I militari italiani internati in Germania.
1.
1. Quanti, sotto il profilo storico o politico, hanno studiato e scritto della guerra di Liberazione non hanno espresso dubbi sulla legittimità di inserire nella storia della Resistenza la lotta degli internati nei campi di concentramento, e un qualche cenno, una qualche attenzione hanno in realtà dedicato all'odissea degli oltre 600 mila italiani gettati dalla vicenda dell'armistizio del settembre 1943 nei lager tedeschi. Se non altro perché nella prigionia si concluse la prima rapida e tragica ribellione antitedesca della Resistenza, quella rivolta di una parte dell'esercito che dall'Egeo alla Corsica, dalla Grecia alla Francia, dall'Albania alla Jugoslavia indicò immediatamente la possibilità e l'esigenza di una lotta del nostro popolo contro il nazifascismo e la Germania hitleriana.
Ma sia nei confronti della battaglia dell'esercito, dopo l'armistizio, e l'esperienza partigiana che una parte di esso visse in terra straniera, sia nei confronti della prigionia nei lager, si è trattato per lo più di un interesse marginale e riflesso, di un riconoscimento generico e contingente, sicché e giusto affermare che un'analisi storica intorno al significato e al valore di quegli episodi di tanto rilievo debba ancora essere compiuta.

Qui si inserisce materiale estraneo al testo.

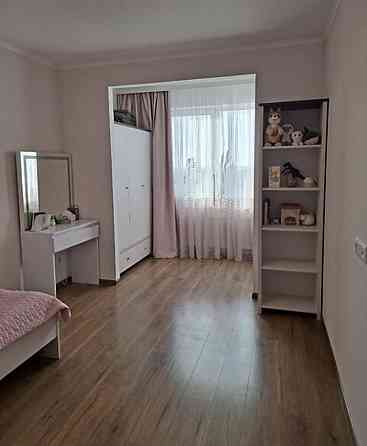 Продаж Квартира 2-кімнатна на массив Радужный, 20 Лиманка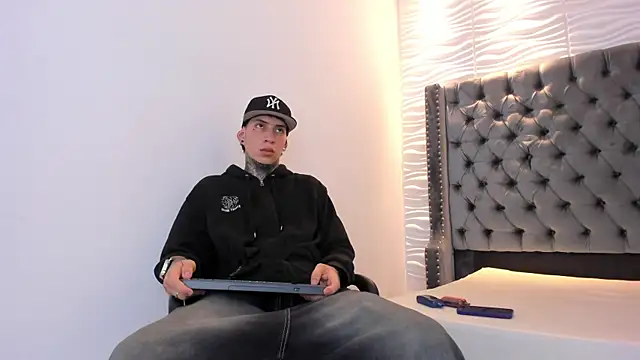 DANTE_ARMSTRONG live sex cam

E se qualche fatto, come l'eccidio di Cefalonia o la battaglia di Lero, è riuscito a divenire motivo e parte, generalmente nota, della passione e del patrimonio della Resistenza nazionale, nell'ombra sono rimasti finora gli infiniti atti di dignità e di coraggio e la ribellione sanguinosa e spesso disperata dei soldati e degli ufficiali italiani; poco conosciuto è ancora il contributo dato dai reparti del nostro esercito alla lotta per la libertà di altre nazioni e, ciò che più importa, il nesso tra la resistenza all'estero e il movimento nazionale di liberazione.
Per la prigionia dei soldati italiani nei lager della Germania è accaduto poi che essa fosse considerata, da una parte, nei termini «classici» e generici della cattività militare alla stessa stregua dei casi consimili di ogni guerra o di altri della medesima guerra, e, dall'altra, confusa e dissolta nella vicenda generale dei campi di concentramento in cui il nazismo oppresse e distrusse nemici e avversari politici e razziali, smarrendosi in tal modo il carattere e il valore peculiari e tipici di quella esperienza. A parte qualche esemplare testimonianza letteraria, qualche documento acuto e talvolta spietato sulla sofferenza umana e sulla persecuzione bestiale nei lager, la storia dei militari italiani internati in Germania resta ancora da scrivere e da scrivere nell'unico modo in cui essa può esser oggetto degno e necessario di storia: come un capitolo cioè della resistenza e della lotta di liberazione nazionale.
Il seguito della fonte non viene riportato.